In the absence of a ToUnicode CMap copy/paste from PDF files is unreliable.

The file does contain other subsets of the Arial family, in fact it contains 5 subsets of Arial-BoldMT, 2 of Arial-ItalicMT and 6 of ArialMT. Of these one of each face contains a ToUnicode CMap, the remaining 10 instances, and the Verdana subset do not.

The output file contains 3 instances of Arial-BoldMT, one of Arial-ItclicMT and 5 of ArialMT. Some of the subsets have been combined resulting in a smaller file. However this involves re-encoding the font, which is entirely legitimate. The appearance of the PDF file remains unchanged.

In the absence of a ToUnicode CMap any PDF consumer is reduced to guessing what the character codes represent.
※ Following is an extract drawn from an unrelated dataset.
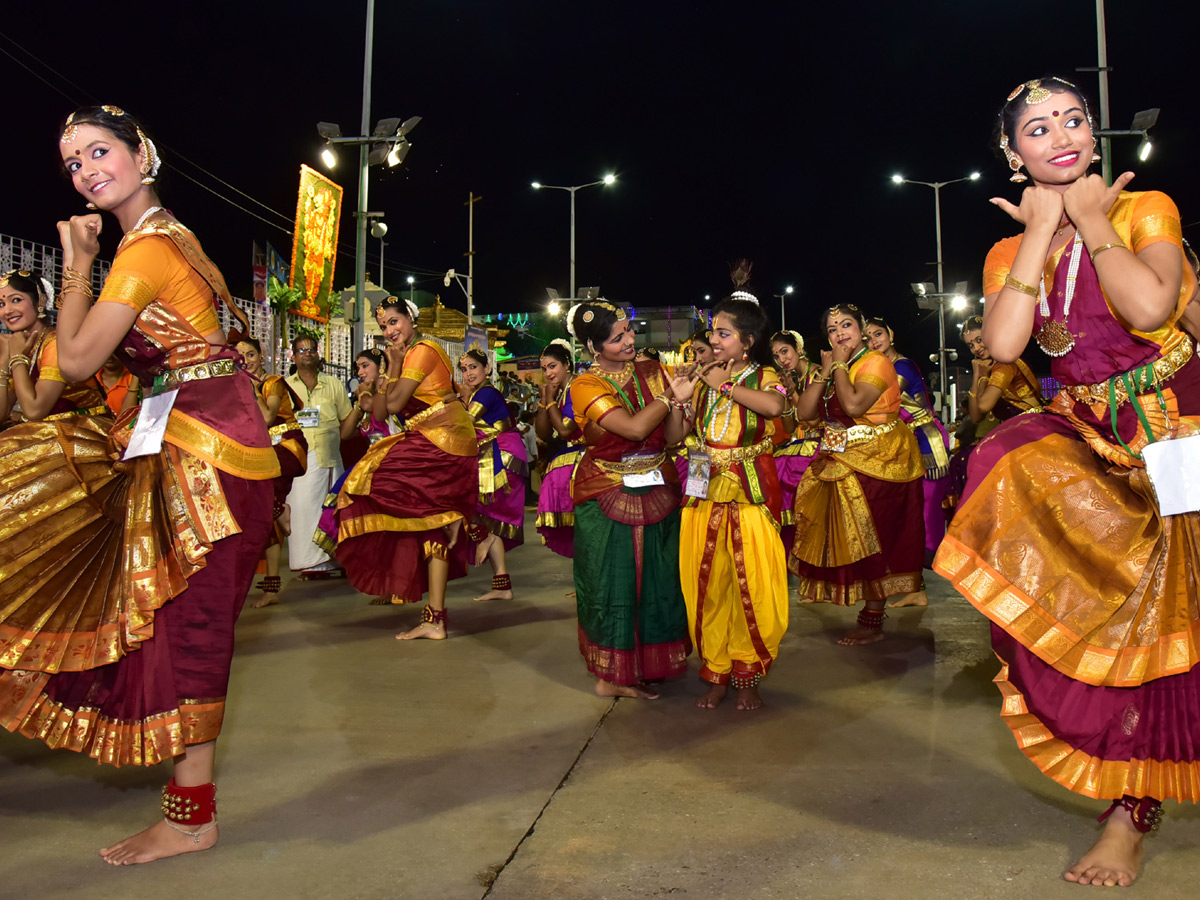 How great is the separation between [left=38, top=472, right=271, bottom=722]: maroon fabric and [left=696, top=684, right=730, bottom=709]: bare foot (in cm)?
198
With your input file the 'unusual' glyphs are encoded in a font which uses a MacRoman encoding, and so they copy/paste as you expect. In the output file the font does not have a MacRoman encoding, and so the character codes are treated as ASCII.
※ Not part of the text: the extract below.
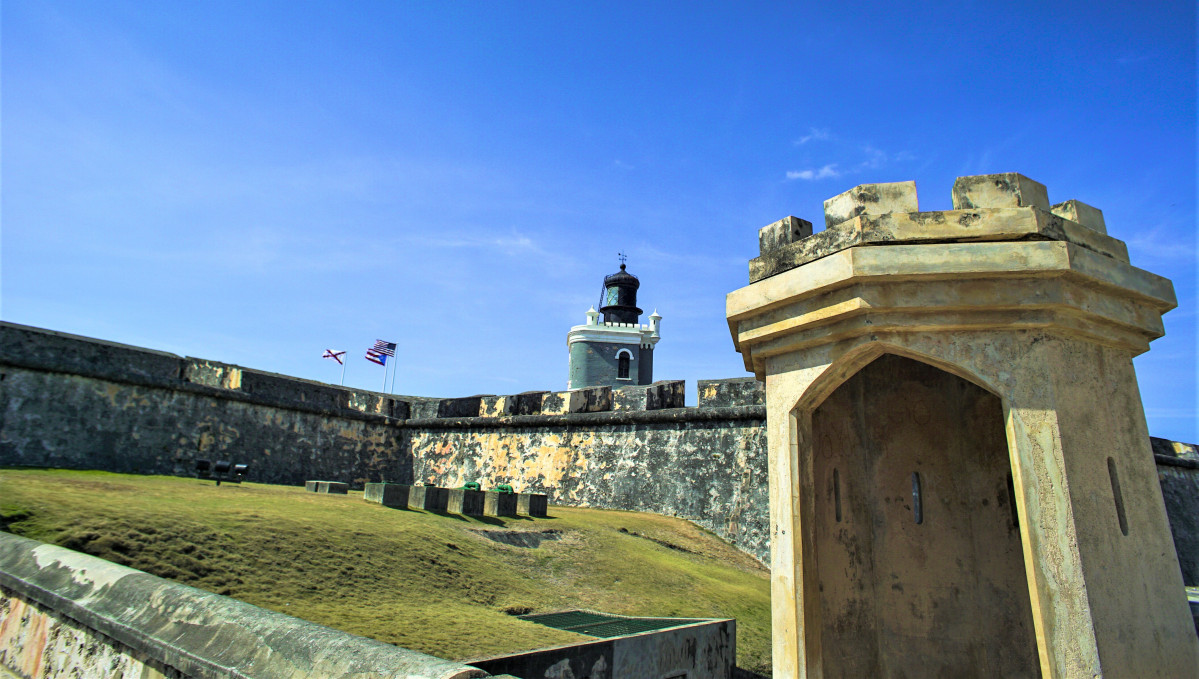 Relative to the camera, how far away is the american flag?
805 inches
The character code is 0x8E, Octal 216, which in Windows Encoding is a Zcaron, and in MacRoman encoding is eacute. So that's why you are getting a Zcaron instead of an eacute.
Comment 3 Vincent Lefevre 2023-12-08 11:17:17 UTC
(In reply to Ken Sharp from comment #2)
> A quick perusal of the actual input file reveals that the font in question
> has no ToUnicode CMap. There is, therefore, no Unicode information for that
> font at all.
> 
> In the absence of a ToUnicode CMap copy/paste from PDF files is unreliable.

This is incorrect. An alternative way is to use the glyph name. This is not as reliable as a ToUnicode CMap, but this seems to work well in practice, at least under Linux for most characters. I have many PDF files without a ToUnicode CMap (partly due to other bugs in Ghostscript, which doesn't always regenerate the ToUnicode CMap), and characters can be interpreted by pdftotext and various PDF readers I could try without any problem, except for some special math characters. That said, it is possible that they all do that via the poppler library, which has a table to convert the glyph names to Unicode (poppler/NameToUnicodeTable.h).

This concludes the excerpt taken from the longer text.